Welcome back to the AWS Essentials Series! In this blog post, we'll delve into Amazon Simple Storage Service (Amazon S3), a fundamental component of AWS that provides secure, durable, and highly scalable object storage. Amazon S3 is essential for a wide range of use cases, including data backup, content storage, and serving static websites.

What is Amazon S3?

Amazon S3 (Simple Storage Service) is a cloud-based object storage service offered by AWS that provides highly scalable, secure, and durable storage for objects and files. It is a storage service on which you can store and retrieve files, documents, images, videos, and other types of data. Think of it as having an online hard drive where you can upload and download your files from anywhere, at any time, using an internet connection. Amazon S3 provides a cost-effective solution for data storage and backup that scales automatically as the volume of data increases. It is advertised by AWS as an “infinite scaling” storage solution. S3 is known for its scalability, durability, and security. You can store virtually an unlimited amount of data, and it’s designed to provide 99.999999999% (11 9’s) durability of objects. This means if you store 10,000,000 objects on S3, you can expect to incur on average a loss of a single object once every 10,000 years. This high durability makes your data highly protected and available whenever you need it. Amazon S3 is widely utilized for a variety of use cases, such as backup and disaster recovery, big data analytics, content delivery, data lakes, media hosting, and static website hosting. It is easy to use, and integrates seamlessly with other AWS services, making it a powerful tool for businesses of all sizes.

In Amazon S3, data is stored in containers called buckets and you cannot store any data on S3 without having created a bucket first. Think of a bucket as a folder where you can store and manage your files. Each bucket has a globally unique name (unique across all AWS regions and accounts in the same partition), and you can have multiple buckets to organize your data in different ways. When creating a bucket, two details must be specified; the bucket name and the region in which you want the bucket to be created because buckets are defined at the regional level.

There are naming conventions (rules) for S3 buckets. The naming rules are:

Bucket names must be between 3–63 characters long.
Bucket names can only be made up of lowercase letters, numbers, dots, and hyphens. So bucket names cannot be made up of uppercase letters and underscores.
They must begin and end with a letter or number.
Bucket names cannot be IP addresses.
They must not start with the prefix xn — or end with the suffix -s3alias
And as we have already seen, a bucket name must be globally unique.

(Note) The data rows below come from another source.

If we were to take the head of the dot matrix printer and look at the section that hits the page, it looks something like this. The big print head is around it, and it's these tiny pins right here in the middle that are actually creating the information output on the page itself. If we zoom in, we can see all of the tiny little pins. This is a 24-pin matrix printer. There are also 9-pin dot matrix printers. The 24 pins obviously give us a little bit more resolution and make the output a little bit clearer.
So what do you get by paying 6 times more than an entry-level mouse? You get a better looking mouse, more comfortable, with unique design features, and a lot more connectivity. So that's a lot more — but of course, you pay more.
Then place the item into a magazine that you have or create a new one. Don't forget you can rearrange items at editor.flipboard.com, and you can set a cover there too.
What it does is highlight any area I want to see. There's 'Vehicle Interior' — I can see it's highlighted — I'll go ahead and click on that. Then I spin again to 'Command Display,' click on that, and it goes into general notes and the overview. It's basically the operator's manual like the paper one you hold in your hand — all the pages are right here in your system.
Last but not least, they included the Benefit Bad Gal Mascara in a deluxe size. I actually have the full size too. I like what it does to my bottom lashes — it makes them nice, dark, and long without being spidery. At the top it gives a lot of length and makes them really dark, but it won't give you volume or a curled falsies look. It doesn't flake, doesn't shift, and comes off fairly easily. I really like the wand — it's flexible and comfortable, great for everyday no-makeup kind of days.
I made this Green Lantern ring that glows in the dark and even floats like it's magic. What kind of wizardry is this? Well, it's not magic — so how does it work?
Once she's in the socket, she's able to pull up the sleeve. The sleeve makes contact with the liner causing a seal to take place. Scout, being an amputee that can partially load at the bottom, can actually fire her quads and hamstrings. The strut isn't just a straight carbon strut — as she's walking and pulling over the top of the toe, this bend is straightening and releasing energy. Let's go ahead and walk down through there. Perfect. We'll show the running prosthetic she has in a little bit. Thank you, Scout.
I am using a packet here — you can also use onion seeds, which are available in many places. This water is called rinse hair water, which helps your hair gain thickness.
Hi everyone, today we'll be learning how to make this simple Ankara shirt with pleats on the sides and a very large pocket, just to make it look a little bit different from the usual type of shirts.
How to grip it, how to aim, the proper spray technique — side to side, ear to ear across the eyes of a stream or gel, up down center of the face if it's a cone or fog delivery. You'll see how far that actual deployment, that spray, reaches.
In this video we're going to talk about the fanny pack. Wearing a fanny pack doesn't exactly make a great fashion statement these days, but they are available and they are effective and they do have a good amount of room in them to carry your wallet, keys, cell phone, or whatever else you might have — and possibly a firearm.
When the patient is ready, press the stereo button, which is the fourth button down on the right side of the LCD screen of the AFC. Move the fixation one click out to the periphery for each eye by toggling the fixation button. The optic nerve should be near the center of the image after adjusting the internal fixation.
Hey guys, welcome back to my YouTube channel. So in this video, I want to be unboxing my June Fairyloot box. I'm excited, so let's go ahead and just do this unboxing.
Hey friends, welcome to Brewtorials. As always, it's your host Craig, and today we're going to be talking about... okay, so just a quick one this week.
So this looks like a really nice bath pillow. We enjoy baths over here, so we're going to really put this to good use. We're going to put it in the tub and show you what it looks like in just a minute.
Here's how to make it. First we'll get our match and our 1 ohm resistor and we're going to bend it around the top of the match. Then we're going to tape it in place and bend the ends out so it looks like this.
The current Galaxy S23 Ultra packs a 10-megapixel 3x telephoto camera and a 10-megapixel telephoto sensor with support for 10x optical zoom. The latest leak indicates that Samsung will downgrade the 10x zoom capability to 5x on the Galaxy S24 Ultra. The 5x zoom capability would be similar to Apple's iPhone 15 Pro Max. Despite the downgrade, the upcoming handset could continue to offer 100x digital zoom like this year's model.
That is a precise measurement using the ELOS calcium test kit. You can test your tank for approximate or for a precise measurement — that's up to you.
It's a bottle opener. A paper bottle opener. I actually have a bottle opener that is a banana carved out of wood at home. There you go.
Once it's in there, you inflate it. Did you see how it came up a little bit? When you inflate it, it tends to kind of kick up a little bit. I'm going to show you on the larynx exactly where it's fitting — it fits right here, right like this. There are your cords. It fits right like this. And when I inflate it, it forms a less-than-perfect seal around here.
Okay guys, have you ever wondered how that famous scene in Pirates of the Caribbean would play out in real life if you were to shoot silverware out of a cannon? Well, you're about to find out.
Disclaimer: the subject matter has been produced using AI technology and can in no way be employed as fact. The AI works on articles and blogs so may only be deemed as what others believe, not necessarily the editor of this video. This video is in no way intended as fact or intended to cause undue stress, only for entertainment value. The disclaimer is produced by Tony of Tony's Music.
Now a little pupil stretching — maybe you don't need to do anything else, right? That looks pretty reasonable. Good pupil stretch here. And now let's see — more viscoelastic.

I hinted in the introductory paragraph that S3 is a cloud-based object storage service. What this means is that in S3, data is stored as objects. An object is the fundamental unit of storage and it represents a file, which can be any kind of data: a text file, an image, a video, a database backup, or any other type of file. Each object within an S3 bucket is uniquely identified by its key, which is a string that can be up to 1024 characters long. The key serves as the object’s name and also provides a way to organize and retrieve objects within a bucket. Individual objects stored in S3 can have a size of up to 5TB (5,000GB). It is important to note that in S3, objects are stored in a flat structure, meaning that there are no actual folders or directories like in a traditional file system. However, S3 allows you to create a logical hierarchy of objects using prefixes in object keys. For example, if you upload an object with the key “folder/subfolder/object.txt”, S3 will create a prefix “folder/subfolder/” that behaves like a folder or directory. You can use the AWS Management Console, the AWS CLI, or an SDK to create and manage these prefixes as if they were directories.

S3 Security

The security posture of any IT resource or service is very important and it is something that must be taken seriously at any point in time. Amazon S3 has different ways in which it enforces security. You can enforce user-based security by making use of IAM policies or enforce resource-based security by using: bucket policies, object Access Control Lists (ACLs), and bucket Access Control Lists. We are only going to talk about S3 bucket policies because it is the most widely used.

S3 Bucket Policies

S3 bucket policies are JSON-based documents that specify permissions for S3 buckets and their contents (i.e. the objects within them). They allow you to define a set of rules that allow or deny access to your S3 bucket and its contents for specific users, groups, or even public access. They can be used to control various actions that can be performed on an S3 bucket, such as read, write, or delete actions. These policies can be applied at the bucket level or the object level within a bucket, giving you granular control over access to your data. Below is an example of a sample S3 bucket policy:

{
    "Version": "2012-10-17",
    "Statement": [
        {
            "Sid": "AllowGetObject",
            "Effect": "Allow",
            "Principal": "*",
            "Action": "s3:GetObject",
            "Resource": "arn:aws:s3:::examplebucket/*"
        }
    ]
}

The policy above allows anyone to retrieve objects (files) from the “examplebucket” S3 bucket. The Principal field is set to "*" to indicate that any AWS account or user can perform the s3

action. The Resource field specifies the ARN (Amazon Resource Name) of the bucket and its objects, and the Sid field provides a name for the policy statement to help identify it.

S3 Versioning

It is a feature of Amazon S3 that allows you to keep multiple versions of an object in the same bucket. Versioning is a setting that is enabled at the bucket level. When versioning is enabled for a bucket, any object uploaded to that bucket will have a unique version ID associated with it. You can upload a new version of an object by simply uploading a file with the same key (name) as the existing object. Each version of the object will have a unique version ID and you can access and manage all versions of an object using the S3 API or the AWS Management Console. If versioning is enabled after an object is uploaded, that version of the object (i.e. the object uploaded before versioning was enabled) will have a version ID of “null”. It is best practice to enable versioning for your S3 buckets as it helps prevent unintended deletes by giving you the ability to restore deleted objects and also allows you to roll back to a previous version of an object. An S3 bucket can be in one of three states at any given point; unversioned (the default), version-enabled, or version-suspended and once you version-enable a bucket, it can never return to an unversioned state. You can however suspend versioning.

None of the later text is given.